### SUPPLIED DATA
*** Begin section ***

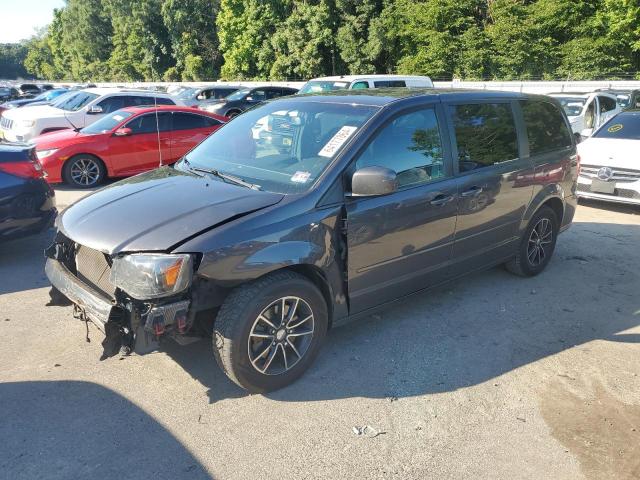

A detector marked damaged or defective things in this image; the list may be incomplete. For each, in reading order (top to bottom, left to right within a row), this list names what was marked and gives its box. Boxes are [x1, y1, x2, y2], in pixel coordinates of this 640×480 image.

crumpled hood [58, 166, 284, 255]
exposed headlight [109, 253, 192, 298]
broken headlight assembly [109, 253, 192, 298]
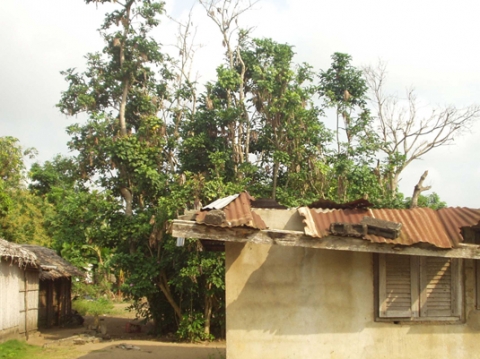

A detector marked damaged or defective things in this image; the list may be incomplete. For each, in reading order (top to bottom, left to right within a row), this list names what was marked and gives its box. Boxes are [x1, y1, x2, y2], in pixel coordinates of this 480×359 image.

rusty corrugated metal roof [197, 191, 268, 231]
rust stain on roof [197, 191, 268, 231]
rusty corrugated metal roof [298, 207, 480, 249]
rust stain on roof [298, 207, 480, 249]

*** End section ***

Your response should reproduce the entire listing verbatim, minus the pictures.

### TASK OUTPUT
A detector marked damaged or defective things in this image; the list may be incomplete. For each, in reading order (top to bottom, left to right within a row), this list names what was marked and gives its box. Boxes are [x1, y1, x2, y2], in pixel coordinates of this 640×480 image.

crumpled hood [58, 166, 284, 255]
exposed headlight [109, 253, 192, 298]
broken headlight assembly [109, 253, 192, 298]

A detector marked damaged or defective things in this image; the list may be incomplete. For each, in reading order (top to bottom, left to right within a row), this list names what was marked and gives its box. Boxes are [x1, y1, x2, y2], in pixel coordinates of this 480×359 image.

rusty corrugated metal roof [197, 191, 268, 231]
rust stain on roof [197, 191, 268, 231]
rusty corrugated metal roof [298, 207, 480, 249]
rust stain on roof [298, 207, 480, 249]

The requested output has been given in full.